We know that weather influences water quality in Iowa’s rivers. Last year, there was a drought and nitrate was lower than usual. This spring, it’s been wetter and nitrate is higher than usual. If you monitor for 10 years and the first 5 are a little wetter or drier than the last five, you’ll a water quality trend to go with it. Boring!
What we really want to know is how people are influencing water quality. We can get a lot closer to that answer by peeling away the obvious weather-related patterns to reveal underlying trends.

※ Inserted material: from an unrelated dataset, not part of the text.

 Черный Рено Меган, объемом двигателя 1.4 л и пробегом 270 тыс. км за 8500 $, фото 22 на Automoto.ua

In statistics, it’s called a covariate or an explanatory variable. If there’s a relationship between your water quality metric and some other thing you’re not really interested in (i.e. streamflow), you can model that relationship to account for part of a water quality trend over time. What’s left over might be the things you’re really interested in (i.e. how water quality has been affected by changes in crop rotations, conservation practices, sewage treatment, manure management, and drainage). It’s common enough in the scientific literature (Robert Hirsch’s Weighted Regression on Time, Discharge, and Season is a good example), but should be used more often for progress tracking at the watershed scale.
To illustrate this general approach, I downloaded daily nitrate data from three stations maintained by the US Geologic Survey. The sensors at the Turkey River at Garber and the Cedar River near Palo (north of Cedar Rapids) were installed in late 2012; the sensor Raccoon River near Jefferson was installed in 2008. I wanted a high frequency dataset (to minimize sampling error) that included the episodes of “weather whiplash” in 2013 and 2022.

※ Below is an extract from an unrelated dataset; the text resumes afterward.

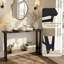 Table d'appoint en bois massif derrière le sofa-587443768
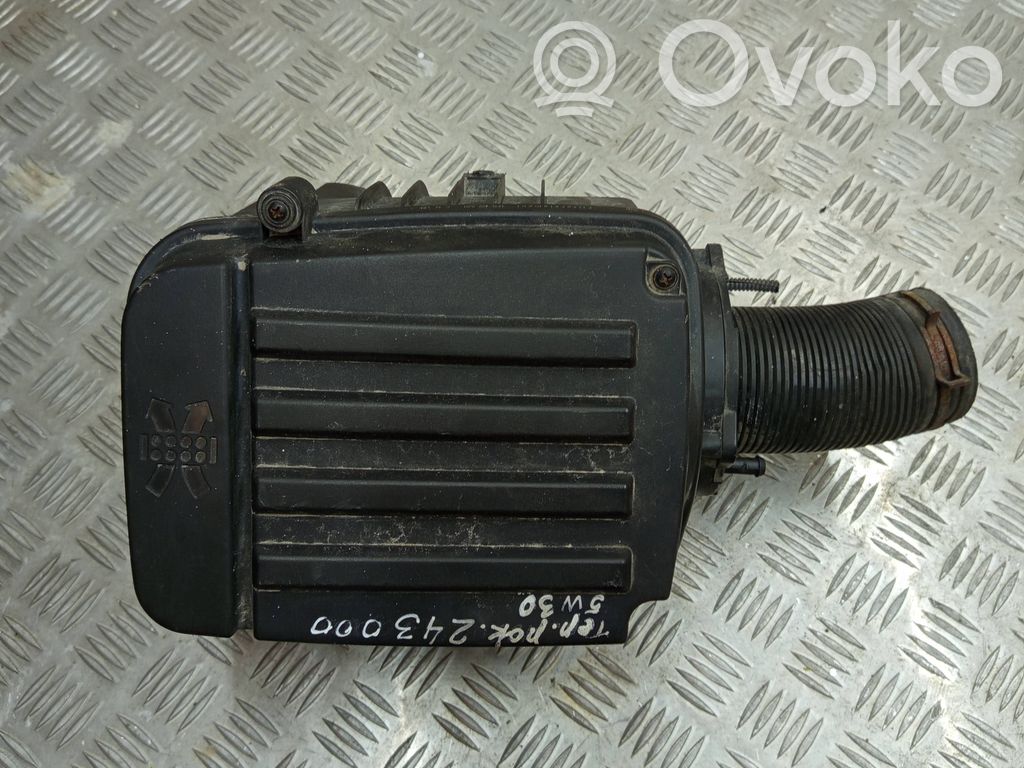 Audi A3 S3 8P Luftfilterkasten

“Residuals” are the difference between what we predict and what we measured. In the first panel, that’s the difference between a measurement and the long-term average. In the second and third panels, we see how nitrate measurements differ from what we’d expect given flow in the stream today, and flow in the stream last year. Gray dots – daily measurements. Red dots- yearly averages. Blue dotted line – trend. If I did this right, some of the dots should get closer to the middle.
Nitrate concentrations in rivers increase as the weather gets wetter and streamflow increases… up to a point. When rivers are running very high, there’s a dilution effect and nitrate concentrations fall. Based on that relationship, we can explain high nitrate levels in the Cedar River in 2016 (a wet year) and low nitrate levels in 2021 (a dry year).

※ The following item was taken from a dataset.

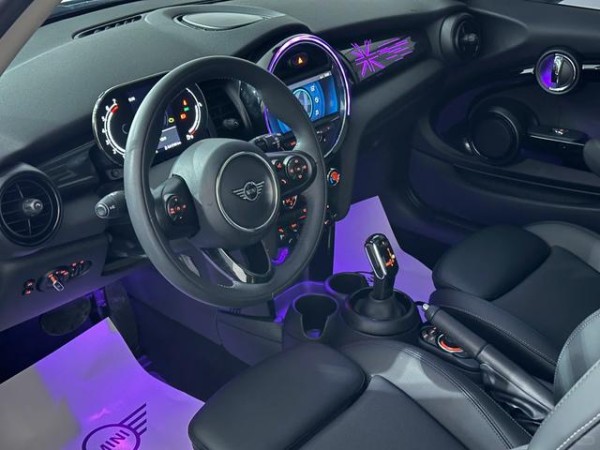 MINI 出行：解锁都市通勤的便捷密码-有驾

Nitrate concentrations tends to be highest on wet spring days following a dry summer and fall, as nitrate that accumulated in the soil during the drought is flushed into drainage systems or washed off the land surface and into rivers. Here I’ve calculated a moving average of flow over the previous 365 days, and compared that to nitrate concentrations during high flow or low flow conditions. Based on that relationship, we can explain high nitrate in the Cedar River on wet days in the spring of 2013 and 2022 (following a dry year) and low nitrate on wet days in the spring of 2019 (following a wet year).
After making these adjustments, the downward trend in the Cedar River looks much smaller (0.53 mg/L per year, adjusted to 0.25) and is overtaken by the Turkey River (0.37 mg/L, adjusted to 0.28). The adjusted trends are statistically significant and could be attributed to conservation efforts in those watersheds.
How did I do this? For technical details, read here.
However, there’s still some weather-related patterns we haven’t accounted for. The Raccoon River near Jefferson also had a steep decline in nitrate since 2013 (1.42 mg/L per year, adjusted to 0.77 mg/L per year) but if you look at the entire record (going back to 2008), it’s part of an up-and-down cycle. I’ve seen that same pattern in the South Skunk River. The model explains some of those swings but doesn’t fully explain high nitrate in fall of 2014, spring of 2015 and spring of 2016. Perhaps the nitrogen that accumulated in the soil during the drought of 2012 took several years to flush out.
In addition to streamflow and last year’s weather (antecedent moisture is the technical term), nitrate can be explained by season, soybean acreage, and baseflow. If it’s not enough to know that water quality is improving or getting worse, and you’d also like to know why, then let’s peel that onion!